SleepingStandingUp · 19/01/2026 12:44

DotAndCarryOne2 · 19/01/2026 09:37

Remorse for what ? He’s struggling to accept life with a disabled child and his resentment is spilling over into his relationship with DS. It’s not a case of showing remorse, it’s needing to access support to come to terms with things and be the parent he needs to be. He’s not abusing the child as such, he’s behaving as he would with a non-disabled child and expecting his son to learn from that in the same way. That’s what needs to be addressed here.

Remorse for snapping and shouting, for swearing at his kid, for continuing to shout even when the child is upset, for then ignoring him for hours.

Even if you think it's OK for a parent to test their child like this. As a one off, it isn't a one off. Op is constantly buffering this behaviour.

It isn't il to treat a disabled child I na lesser way than a non disabled child.

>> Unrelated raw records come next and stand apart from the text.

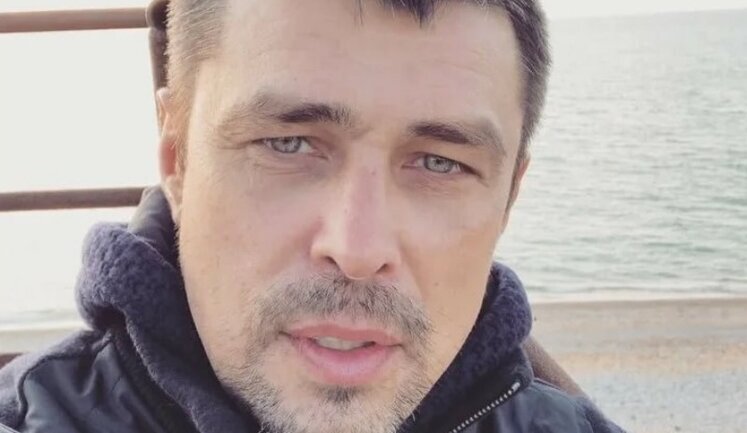 Чеський суд перегляне справу росіянина Франчетті, якого звинувачували в захопленні Криму, але виправдали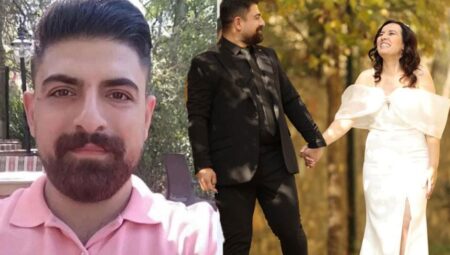 Düğünden yalnızca 12 gün sonra! Genç öğretmenin kahreden mevti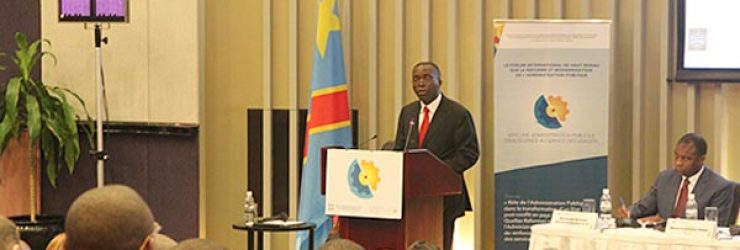La IVe République, voie salutaire pour l’émergence de la RD Congo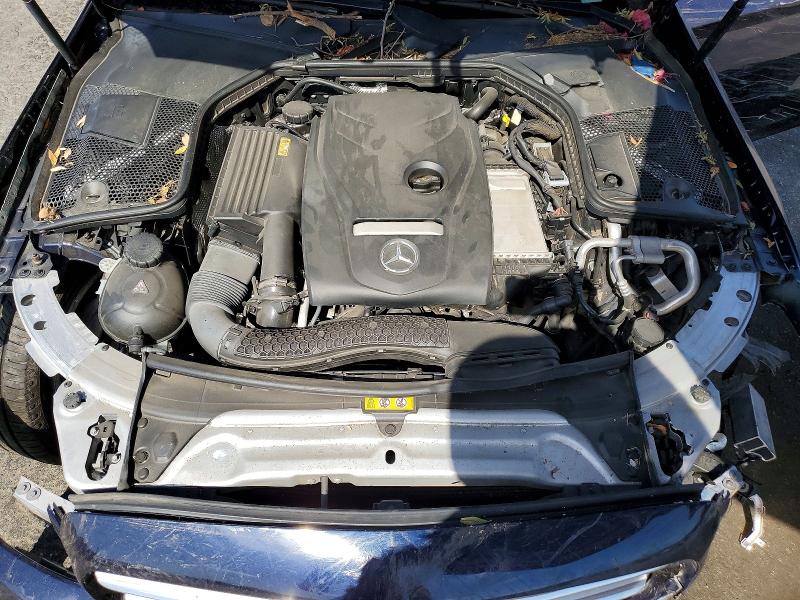 Продаж на аукціоні авто 2017 Mercedes-benz C, vin: 55SWF4JBXHU195150, номер лоту: 61176216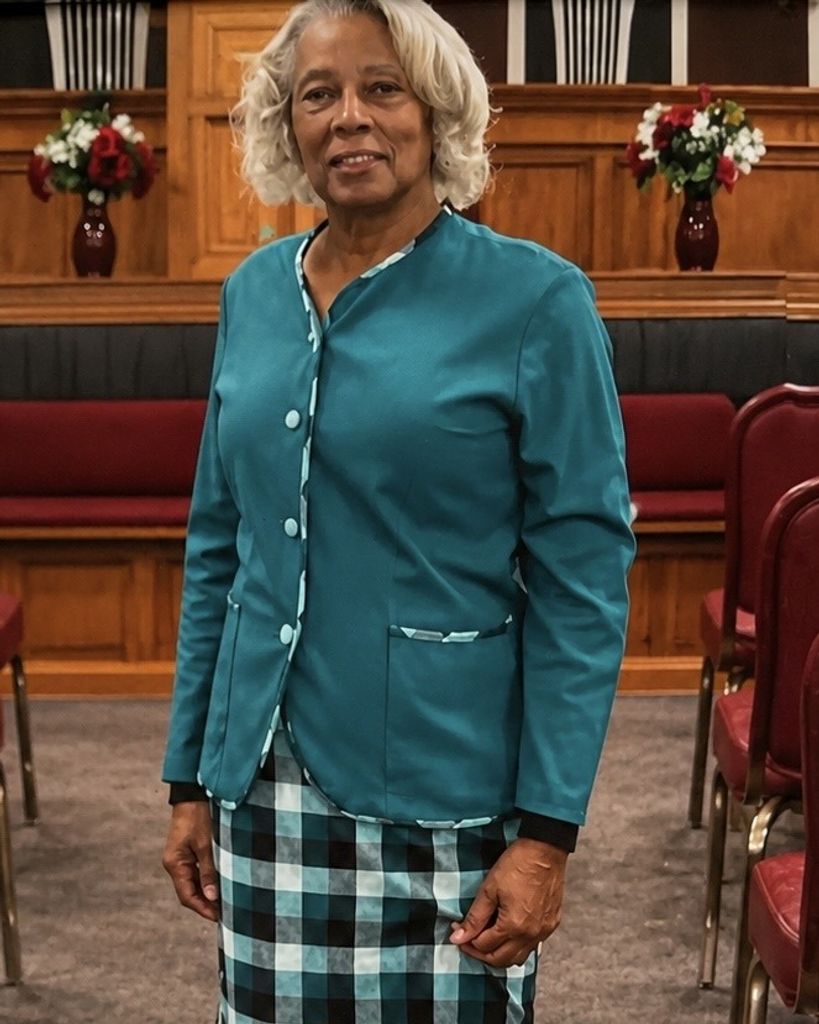 Mother Beverly Ann Sledge Profile Photo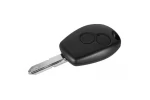 Carcasa Cheie Renault Duster Logan Fluence Clio 2 Butoane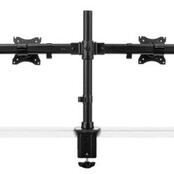 Monitorarm Focus Duo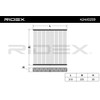RIDEX Cabin Air Filter 424I0259 Micra IV (K13) Note (E12)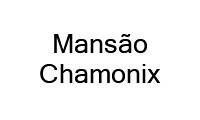 Logo Mansão Chamonix em Grajaú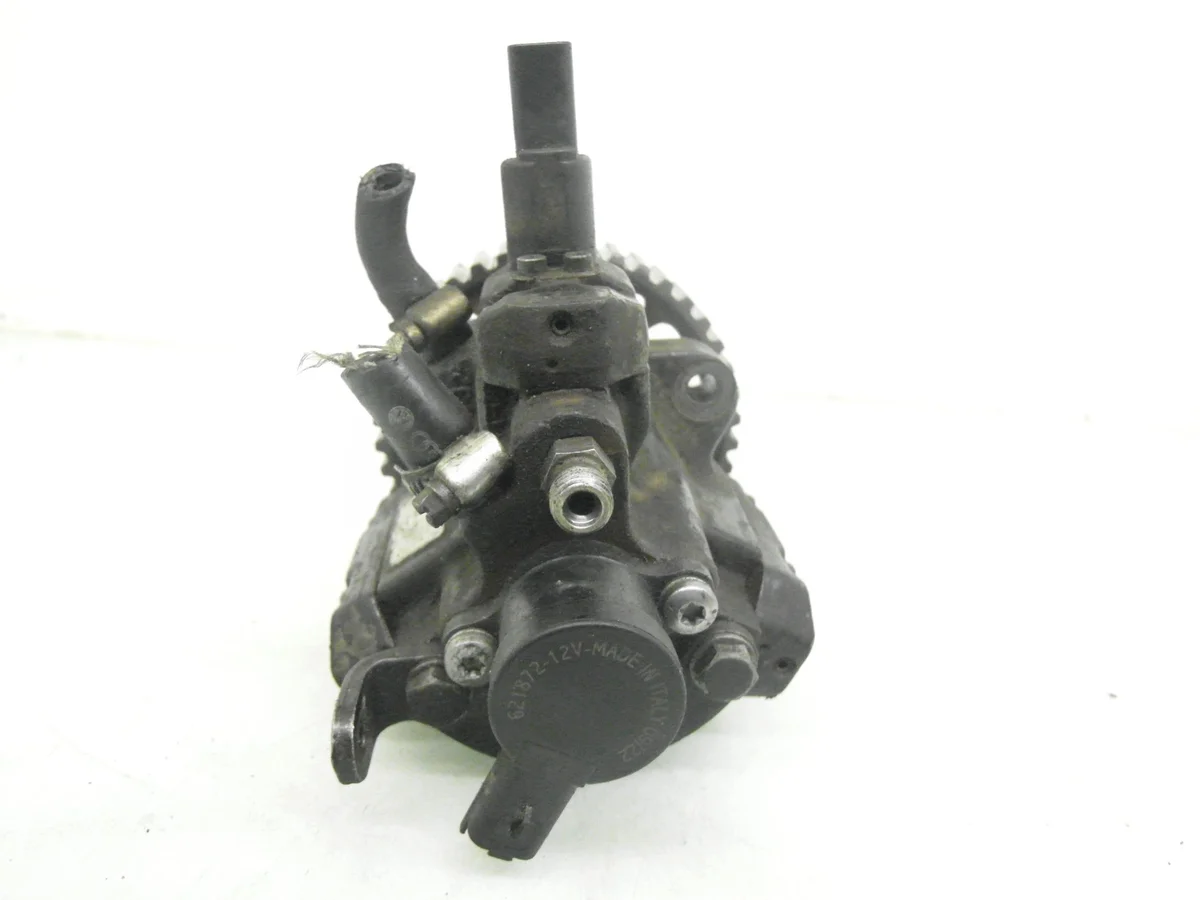 Pompe injection Peugeot 607 2.2 HDI image 7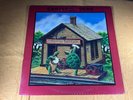 T5-37 GRATEFUL DEAD Terrapin Station - 1977 - FIRST PRESSING - AL 7001 - ROCK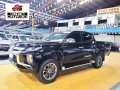 2022 Mitsubishi Strada Gls A/T-2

And yes, even if this was the first time it had ever happened, I'd expect any decent parent to feel remorse at shouting and swearing at their child and making them upset.

It's scary that you a. Think he should feel bad, he couldn't help it b. Think it's OK cos his son is disabled

OtterlyAstounding · 19/01/2026 12:46

ETA: @menopausalfart

I'm glad that you've managed! But not everyone does, and I think it's a little shortsighted to insist that you know what other people can cope with.

For instance, apparently in 2024 the suicide attempt rate for parents who are carers for disabled children was 10%, compared to 1% in the general population. Sadly, not everyone is capable of coping with the degree of stress and anxiety that being a parent to a child with additional needs can involve.

SleepingStandingUp · 19/01/2026 12:46

House26 · 19/01/2026 12:39

Also infections can cause disability. There are so many things that can happen, no-one is guaranteed a non disabled child. There's nothing wrong with wanting to screen for down syndrome etc but you have to be aware that there are many other types of disability, and many of the most common ones like autism can't be tested for during pregnancy.

Edited

But Gahr has said she's child free by choice so she doesn't need to think about all of that. I don't get why she's getting a hard time for admitting her limits when she's made sure she never has to test them.

SleepingStandingUp · 19/01/2026 12:53

OtterlyAstounding · 19/01/2026 12:46

ETA: @menopausalfart

I'm glad that you've managed! But not everyone does, and I think it's a little shortsighted to insist that you know what other people can cope with.

For instance, apparently in 2024 the suicide attempt rate for parents who are carers for disabled children was 10%, compared to 1% in the general population. Sadly, not everyone is capable of coping with the degree of stress and anxiety that being a parent to a child with additional needs can involve.

Edited

Not to mention that disabled kids around around 3x more likely to be abused or neglected. Some of that abuse might be outside the home but certainly not all of it

OtterlyAstounding · 19/01/2026 13:02

SleepingStandingUp · 19/01/2026 12:53

Not to mention that disabled kids around around 3x more likely to be abused or neglected. Some of that abuse might be outside the home but certainly not all of it

That's awful - I didn't know that statistic.

I understand the majority of people just try to get on with things, and have the emotional and mental stability to withstand the strain and worry of having a disabled child, but there is a sizable minority who don't have the fortitude to do it.

menopausalfart · 19/01/2026 13:02

@OtterlyAstounding It's also a little shortsighted to say you couldn't cope.